Remo obeyed, seeking out the black ash dots on the foreheads of the screaming, bleeding people in the square.

A knife flashed near him for a moment, and in another moment the knife was gone, along with the hand that held it.

A few yards away, a blade tore through the belly of a man fighting with a stick. The man screamed, watching his bowels spill onto the dirt in a gush of blood. Before the knife was withdrawn, Remo swatted the attacker's head with a flick of his hand, hearing the neck snap under his fingers. Another ash dot rushed at him. He clasped it in the center of his palm, crushing the skull behind it with one movement.

He let his body move automatically, instinctively. The days of frustration and inactivity were like an anger boiling inside him, and now he could permit it to come out. Too late to save the man with the stick, whose bloody entrails lay beside his corpse. But with speed, with thought, he and Chiun could fight for the others.

Lizzie, sobbing, dragged the two stunned children back into the entranceway. "Don't ever do that again," she shrieked into their faces. "You could have been killed, both of you...."

Her tears dried instantly as she saw two Olmec, crouching and guarding their path with vicious slashes of their weapons, heading slowly toward the temple where the Cassandra lay.

"Oh, no. Not the pod," she whispered, feeling her throat constrict. She stood, horrified, releasing the hands of the children. "Remo!" she screamed. "They're going to destroy the plane!" But Remo was moving too fast to be seen.

"Wait here," she told Po. She ran as fast as she could toward the two Olmec warriors. "Stop it. Stop," she called, clawing at their sweating chests with her fingernails.

One of them clasped both her hands swiftly behind her back, his eyes flashing. The other smiled, with his mouth only, and nodded.

* * *

A full set of ribs cracked and imploded beneath the force of Remo's elbow. With a rattle of air, the warrior fell. Remo looked around. To his left, Chiun stood among the dead, his stance calm and ready. Around Remo lay the corpses, most of them with black dots on their foreheads. The remaining Olmec were in retreat, already disappearing into the thick jungle brush beyond the city walls.

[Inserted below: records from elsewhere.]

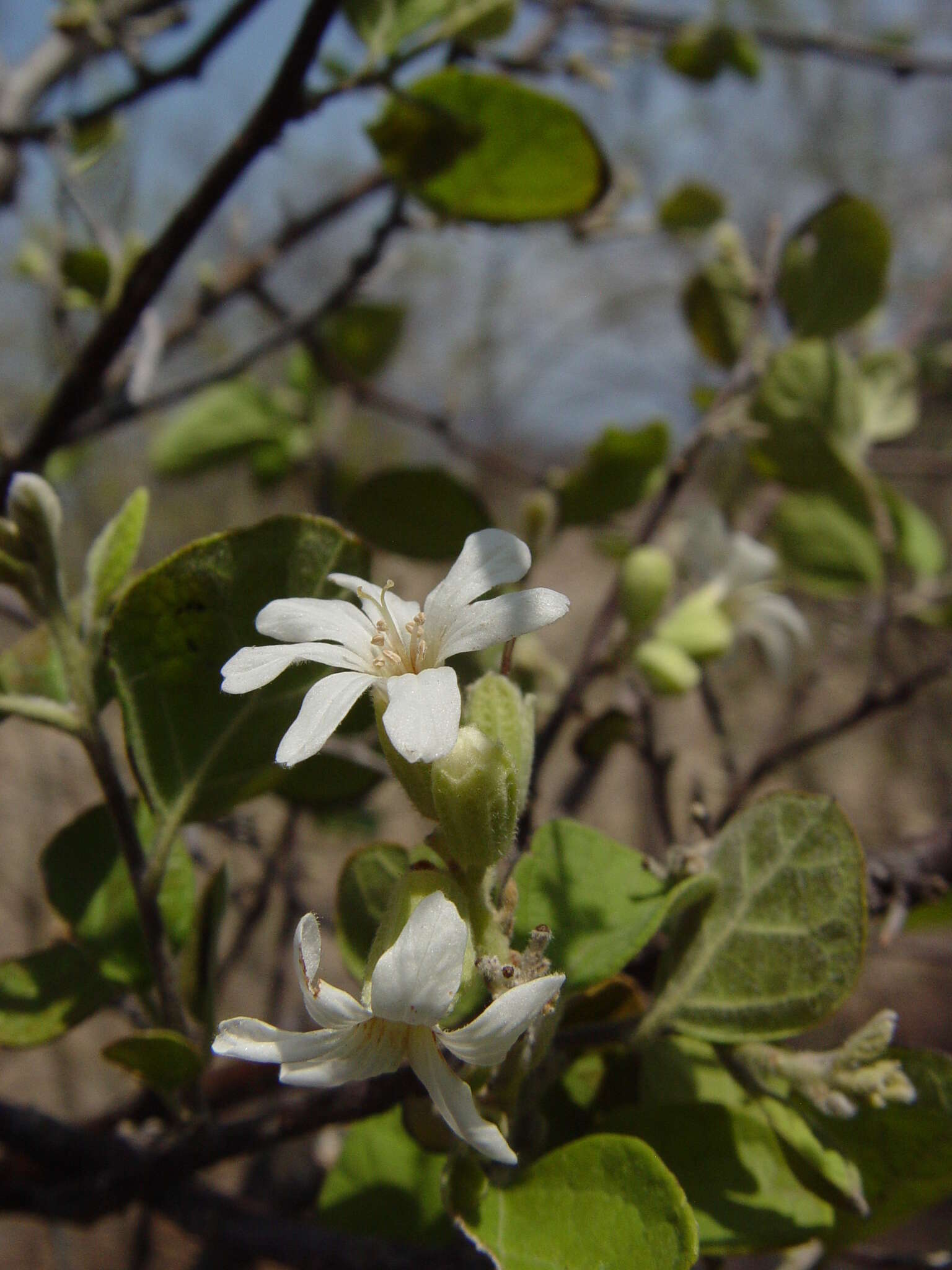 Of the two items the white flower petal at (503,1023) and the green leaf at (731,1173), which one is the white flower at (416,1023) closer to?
the white flower petal at (503,1023)

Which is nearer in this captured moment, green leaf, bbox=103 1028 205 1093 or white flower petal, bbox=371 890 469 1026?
white flower petal, bbox=371 890 469 1026

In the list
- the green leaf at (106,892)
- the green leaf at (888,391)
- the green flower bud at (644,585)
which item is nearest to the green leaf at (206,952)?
the green leaf at (106,892)

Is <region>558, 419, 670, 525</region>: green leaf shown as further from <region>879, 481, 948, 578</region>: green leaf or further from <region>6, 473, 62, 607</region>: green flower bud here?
<region>6, 473, 62, 607</region>: green flower bud

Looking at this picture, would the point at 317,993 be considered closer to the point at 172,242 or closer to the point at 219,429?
the point at 172,242

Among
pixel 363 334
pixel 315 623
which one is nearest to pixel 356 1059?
pixel 315 623

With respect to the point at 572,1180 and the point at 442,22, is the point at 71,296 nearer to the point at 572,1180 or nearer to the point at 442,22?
the point at 442,22

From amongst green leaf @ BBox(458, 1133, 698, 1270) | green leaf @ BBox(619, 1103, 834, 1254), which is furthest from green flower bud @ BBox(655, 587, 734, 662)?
green leaf @ BBox(458, 1133, 698, 1270)

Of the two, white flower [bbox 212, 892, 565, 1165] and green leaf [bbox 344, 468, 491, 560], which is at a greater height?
white flower [bbox 212, 892, 565, 1165] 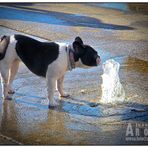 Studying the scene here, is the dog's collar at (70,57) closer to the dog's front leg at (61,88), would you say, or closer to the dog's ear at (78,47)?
the dog's ear at (78,47)

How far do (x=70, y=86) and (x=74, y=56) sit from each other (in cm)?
26

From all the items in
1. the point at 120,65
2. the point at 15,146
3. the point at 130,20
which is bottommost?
the point at 15,146

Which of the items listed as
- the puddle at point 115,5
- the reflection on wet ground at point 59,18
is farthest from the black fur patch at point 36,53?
the puddle at point 115,5

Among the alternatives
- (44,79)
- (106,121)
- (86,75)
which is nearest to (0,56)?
(44,79)

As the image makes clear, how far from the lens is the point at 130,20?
3021 mm

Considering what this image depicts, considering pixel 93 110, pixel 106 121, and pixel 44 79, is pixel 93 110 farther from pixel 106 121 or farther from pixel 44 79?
pixel 44 79

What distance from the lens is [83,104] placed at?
8.87 feet

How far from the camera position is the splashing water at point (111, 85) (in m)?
2.72

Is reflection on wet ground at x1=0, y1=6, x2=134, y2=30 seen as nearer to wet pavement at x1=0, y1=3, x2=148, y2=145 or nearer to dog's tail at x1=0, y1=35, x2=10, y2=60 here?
wet pavement at x1=0, y1=3, x2=148, y2=145

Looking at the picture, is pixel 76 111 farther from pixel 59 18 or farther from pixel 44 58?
pixel 59 18

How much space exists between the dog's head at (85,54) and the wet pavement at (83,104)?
0.15m

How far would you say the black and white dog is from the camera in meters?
2.62

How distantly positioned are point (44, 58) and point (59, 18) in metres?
0.41

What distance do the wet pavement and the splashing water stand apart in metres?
0.03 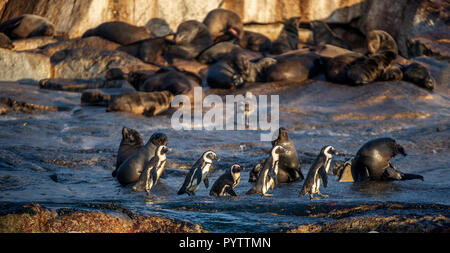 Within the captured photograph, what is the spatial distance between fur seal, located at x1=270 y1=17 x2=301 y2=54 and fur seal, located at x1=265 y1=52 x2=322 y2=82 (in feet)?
11.4

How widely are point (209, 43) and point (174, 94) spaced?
5376mm

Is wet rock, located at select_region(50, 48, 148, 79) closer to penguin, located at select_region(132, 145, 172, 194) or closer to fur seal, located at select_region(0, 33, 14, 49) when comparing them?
fur seal, located at select_region(0, 33, 14, 49)

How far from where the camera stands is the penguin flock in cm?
671

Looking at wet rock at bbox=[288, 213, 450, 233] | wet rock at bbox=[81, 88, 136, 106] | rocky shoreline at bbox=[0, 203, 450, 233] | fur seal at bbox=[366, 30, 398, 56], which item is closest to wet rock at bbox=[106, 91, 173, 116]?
wet rock at bbox=[81, 88, 136, 106]

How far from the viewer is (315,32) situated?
22.2m

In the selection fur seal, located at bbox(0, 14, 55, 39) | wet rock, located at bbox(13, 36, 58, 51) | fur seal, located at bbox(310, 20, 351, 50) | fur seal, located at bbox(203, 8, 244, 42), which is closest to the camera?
wet rock, located at bbox(13, 36, 58, 51)

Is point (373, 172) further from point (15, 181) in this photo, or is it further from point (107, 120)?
point (107, 120)

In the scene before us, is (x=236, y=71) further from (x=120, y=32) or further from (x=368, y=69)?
(x=120, y=32)

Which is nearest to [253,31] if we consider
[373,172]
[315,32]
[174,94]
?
[315,32]

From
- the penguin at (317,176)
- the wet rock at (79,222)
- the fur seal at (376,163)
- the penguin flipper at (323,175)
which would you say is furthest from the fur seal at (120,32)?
the wet rock at (79,222)

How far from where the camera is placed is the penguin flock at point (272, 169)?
6715mm

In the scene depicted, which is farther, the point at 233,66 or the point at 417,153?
the point at 233,66

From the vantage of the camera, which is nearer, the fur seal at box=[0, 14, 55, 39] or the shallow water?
the shallow water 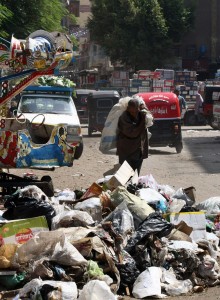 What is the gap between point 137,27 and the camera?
59.4 meters

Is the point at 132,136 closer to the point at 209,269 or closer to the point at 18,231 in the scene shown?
the point at 209,269

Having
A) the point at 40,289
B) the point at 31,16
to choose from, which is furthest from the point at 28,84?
the point at 31,16

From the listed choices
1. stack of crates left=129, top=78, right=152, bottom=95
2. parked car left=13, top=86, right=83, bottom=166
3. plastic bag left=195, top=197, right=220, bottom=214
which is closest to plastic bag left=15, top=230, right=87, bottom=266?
plastic bag left=195, top=197, right=220, bottom=214

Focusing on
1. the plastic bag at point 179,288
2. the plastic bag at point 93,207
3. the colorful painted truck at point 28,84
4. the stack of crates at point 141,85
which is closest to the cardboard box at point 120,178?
the plastic bag at point 93,207

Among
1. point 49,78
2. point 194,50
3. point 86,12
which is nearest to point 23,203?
point 49,78

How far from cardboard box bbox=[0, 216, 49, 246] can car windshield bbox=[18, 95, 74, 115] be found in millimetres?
12413

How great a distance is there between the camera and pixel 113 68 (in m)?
66.8

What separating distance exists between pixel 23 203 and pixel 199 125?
32.3 metres

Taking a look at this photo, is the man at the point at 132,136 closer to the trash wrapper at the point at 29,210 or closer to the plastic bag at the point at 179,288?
the trash wrapper at the point at 29,210

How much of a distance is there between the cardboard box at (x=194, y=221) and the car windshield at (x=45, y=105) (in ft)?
37.6

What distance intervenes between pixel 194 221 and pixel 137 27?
168 ft

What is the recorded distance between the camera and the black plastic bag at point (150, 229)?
8211 millimetres

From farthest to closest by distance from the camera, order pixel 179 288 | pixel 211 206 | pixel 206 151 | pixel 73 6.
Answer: pixel 73 6, pixel 206 151, pixel 211 206, pixel 179 288

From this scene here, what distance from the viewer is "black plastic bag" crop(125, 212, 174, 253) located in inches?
323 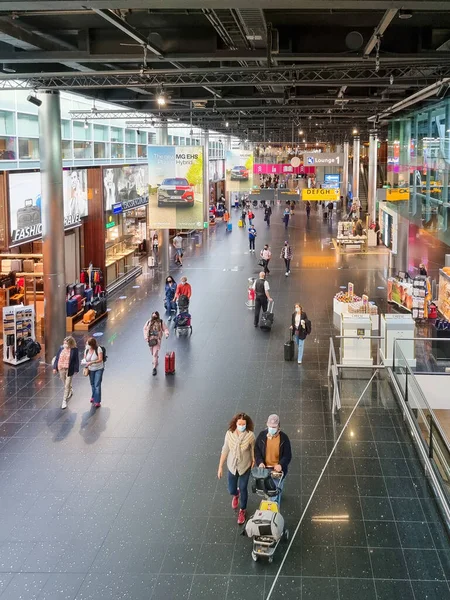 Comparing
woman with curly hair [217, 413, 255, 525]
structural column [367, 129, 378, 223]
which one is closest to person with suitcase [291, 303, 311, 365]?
woman with curly hair [217, 413, 255, 525]

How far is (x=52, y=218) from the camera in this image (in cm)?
1620

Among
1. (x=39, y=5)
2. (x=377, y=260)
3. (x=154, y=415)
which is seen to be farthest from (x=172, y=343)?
(x=377, y=260)

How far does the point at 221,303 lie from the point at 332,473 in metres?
12.8

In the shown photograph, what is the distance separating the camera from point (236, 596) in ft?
22.7

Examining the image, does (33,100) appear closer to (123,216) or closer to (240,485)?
(240,485)

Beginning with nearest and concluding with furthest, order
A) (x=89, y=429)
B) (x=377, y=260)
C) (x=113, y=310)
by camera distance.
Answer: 1. (x=89, y=429)
2. (x=113, y=310)
3. (x=377, y=260)

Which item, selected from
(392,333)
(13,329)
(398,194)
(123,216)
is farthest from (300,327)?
(123,216)

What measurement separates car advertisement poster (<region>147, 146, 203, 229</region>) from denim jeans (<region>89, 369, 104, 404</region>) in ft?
36.3

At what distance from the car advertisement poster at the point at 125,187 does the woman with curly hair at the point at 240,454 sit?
16918 millimetres

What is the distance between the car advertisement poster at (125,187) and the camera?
2461 cm

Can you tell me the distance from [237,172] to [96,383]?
29.1 metres

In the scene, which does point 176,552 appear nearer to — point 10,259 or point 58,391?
point 58,391

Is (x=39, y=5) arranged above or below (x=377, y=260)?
above

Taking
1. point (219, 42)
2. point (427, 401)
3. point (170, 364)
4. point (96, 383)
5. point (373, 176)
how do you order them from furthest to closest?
point (373, 176) → point (170, 364) → point (96, 383) → point (219, 42) → point (427, 401) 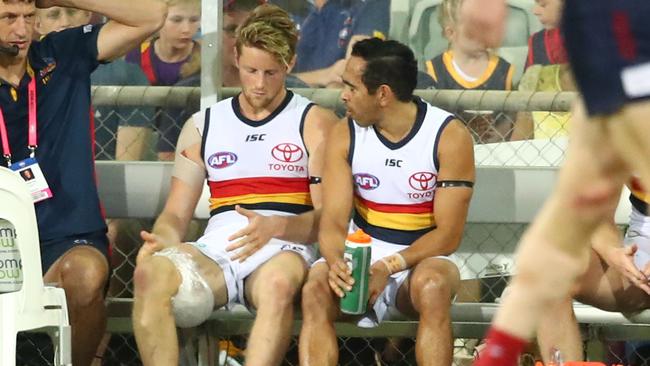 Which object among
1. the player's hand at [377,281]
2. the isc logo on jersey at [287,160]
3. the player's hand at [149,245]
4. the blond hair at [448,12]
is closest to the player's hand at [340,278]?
the player's hand at [377,281]

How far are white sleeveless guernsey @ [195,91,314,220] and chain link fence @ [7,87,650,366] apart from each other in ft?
1.48

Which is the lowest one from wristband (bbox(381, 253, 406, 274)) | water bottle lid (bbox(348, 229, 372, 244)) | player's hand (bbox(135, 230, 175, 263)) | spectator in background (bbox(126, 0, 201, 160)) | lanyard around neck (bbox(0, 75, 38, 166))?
wristband (bbox(381, 253, 406, 274))

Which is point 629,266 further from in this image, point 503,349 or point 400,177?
point 503,349

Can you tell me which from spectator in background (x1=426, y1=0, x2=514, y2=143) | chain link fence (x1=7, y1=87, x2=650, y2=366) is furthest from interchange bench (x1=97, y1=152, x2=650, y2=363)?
spectator in background (x1=426, y1=0, x2=514, y2=143)

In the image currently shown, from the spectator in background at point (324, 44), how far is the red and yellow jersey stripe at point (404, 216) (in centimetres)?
96

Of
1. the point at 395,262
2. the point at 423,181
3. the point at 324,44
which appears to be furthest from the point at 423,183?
the point at 324,44

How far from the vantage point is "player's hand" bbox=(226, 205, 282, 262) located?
18.9ft

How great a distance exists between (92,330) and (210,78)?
53.2 inches

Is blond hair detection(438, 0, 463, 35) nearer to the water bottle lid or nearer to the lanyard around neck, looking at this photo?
the water bottle lid

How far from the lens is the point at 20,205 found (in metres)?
5.39

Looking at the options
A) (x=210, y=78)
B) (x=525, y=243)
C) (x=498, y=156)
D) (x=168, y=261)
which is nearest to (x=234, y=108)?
(x=210, y=78)

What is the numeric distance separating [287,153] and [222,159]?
11.5 inches

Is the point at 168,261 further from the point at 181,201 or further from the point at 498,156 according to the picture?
the point at 498,156

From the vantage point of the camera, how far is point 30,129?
5887mm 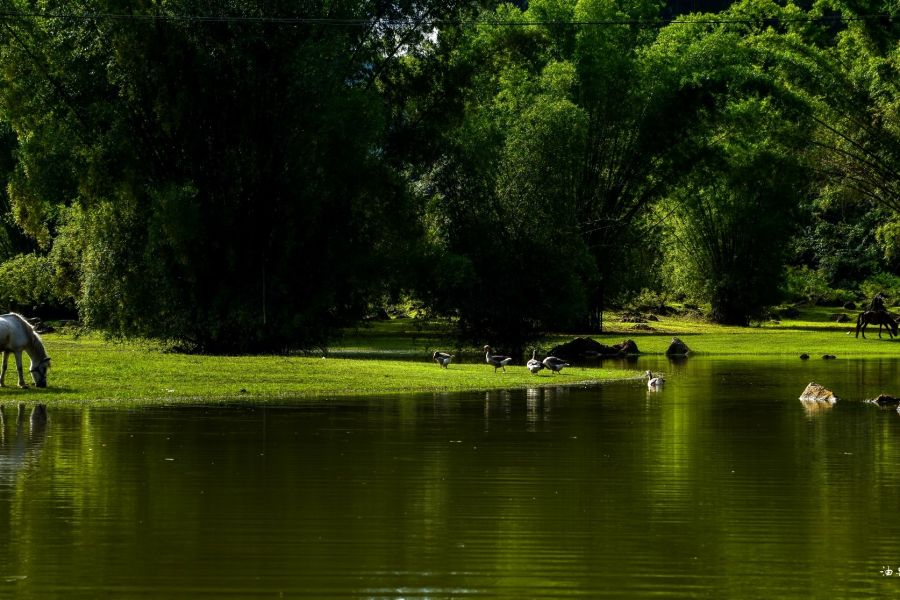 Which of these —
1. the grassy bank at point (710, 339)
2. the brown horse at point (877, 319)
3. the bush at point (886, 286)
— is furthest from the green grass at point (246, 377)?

In the palace entrance, Po held the weeping Nata-Ah in his thin arms.

"You two all right?" Remo asked.

Po nodded. "But Dr. Lizzie..."

Remo sighed. "What'd she do now?"

"They took her," the boy said. "She tried to guard the temple, but she was not strong enough to fight against the soldiers. They took her away with them."

Remo looked to the vast darkness of the jungle, feeling guilty about a certain relief he was experiencing. Lizzie had been nothing but trouble for them all since the beginning. Perhaps, now that she was gone, it would be possible to forget about her....

"Leave her." It was Chiun. He seemed to read Remo's secret thoughts. "The woman is an unbearable harpy with no manners and no gratitude. You will risk your life for nothing."

Remo thought for a moment. "Yeah, you're right," he agreed, walking away from the palace.

"Where are you going?"

"To get her," Remo said resignedly.

"Why?" Chiun's voice was stern. "You are needed here. Who cares about her?"

Remo turned around. "Nobody," he said. "That's why I'm going."

?Chapter Thirteen

The trail leading from the city was easy to follow. The rush of departing Olmec had worn the jungle undergrowth to a well-traveled footpath. It wound past Bocatan to a marsh, where the muddy, ankle-deep water still churned with the recent agitation of dozens of feet.